Fixing the regexen in *.ckpt.json indeed fixes running on Python 3.11. I only tested make test for now, but this is promising.

Q&D script to fix the model:

import re
import json
from glob import glob

for fn in glob("*.json"):
    with open(fn, "r") as fp:
        j = json.load(fp)

    for v in j["model"].values():
        if type(v) != dict:
            continue
        for child in v.get("children", []):
            for replacement in child.get("replacements", []):
                # Move global flags in front
                replacement["old"] = re.sub(
                    r"^(.*)\(\?u\)$", r"(?u)\1", replacement["old"]
                )

    with open(fn, "w") as fp:
        json.dump(j, fp, indent=2)

master now includes the above script as fix-calamari1-model:

❯ fix-calamari1-model ~/.local/share/ocrd-resources/ocrd-calamari-recognize/qurator-gt4histocr-1.0
 [ ... unrelated numpy warning ... ]
0.ckpt.json fixed.
1.ckpt.json fixed.
2.ckpt.json fixed.
3.ckpt.json fixed.
4.ckpt.json fixed.

This (or something equivalent) should probably go into Calamari's 1.0 branch.

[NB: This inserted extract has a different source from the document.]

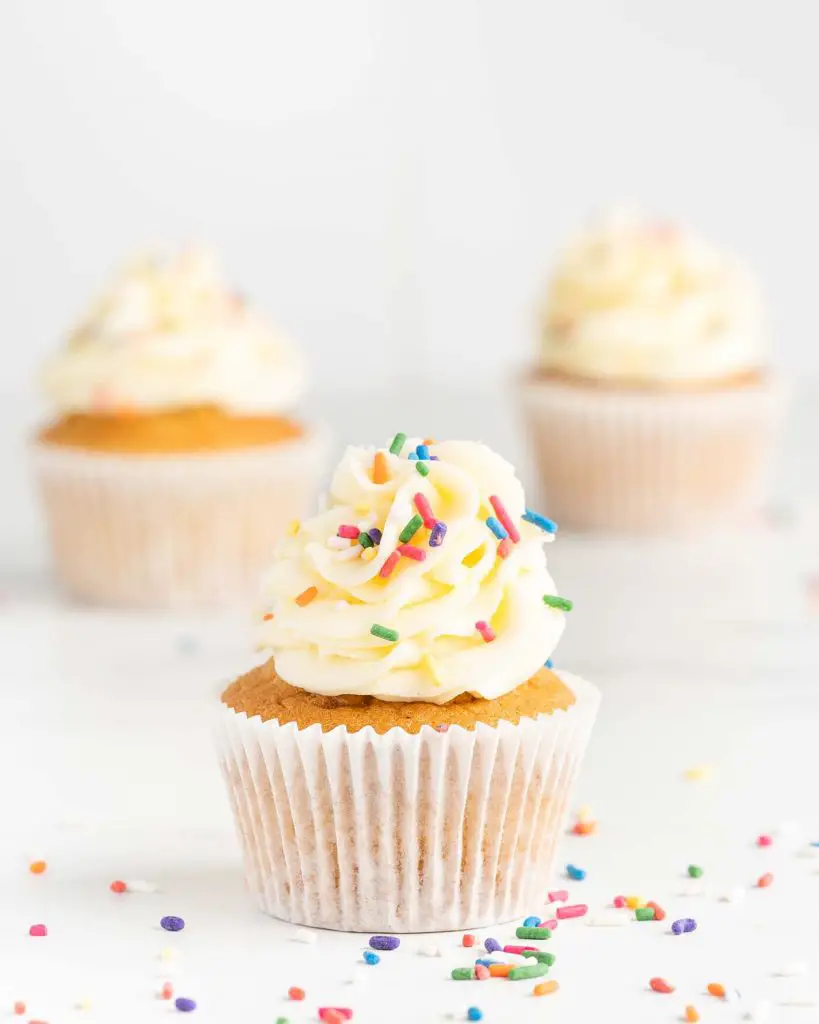 Light fluffy vanilla cupcake with vanilla buttercream and colourful sprinkles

Fixing the regexen in *.ckpt.json indeed fixes running on Python 3.11. I only tested make test for now, but this is promising.

ocrd-calamari-recognize also works with the fixed model.

I've opened an issue upstream: Calamari-OCR/calamari#348

I've opened an issue upstream: Calamari-OCR/calamari#348

And a PR against calamari/1.0 branch that fixes the issue: Calamari-OCR/calamari#349

* [ ]  Document the workaround here 
* [ ]  Get a model update/fix procedure upstream

This issue should be enough for documentation, especially since nobody else uses 3.11 yet (fingers crossed). The fix is merged upstream and having a new release is tracked in #94.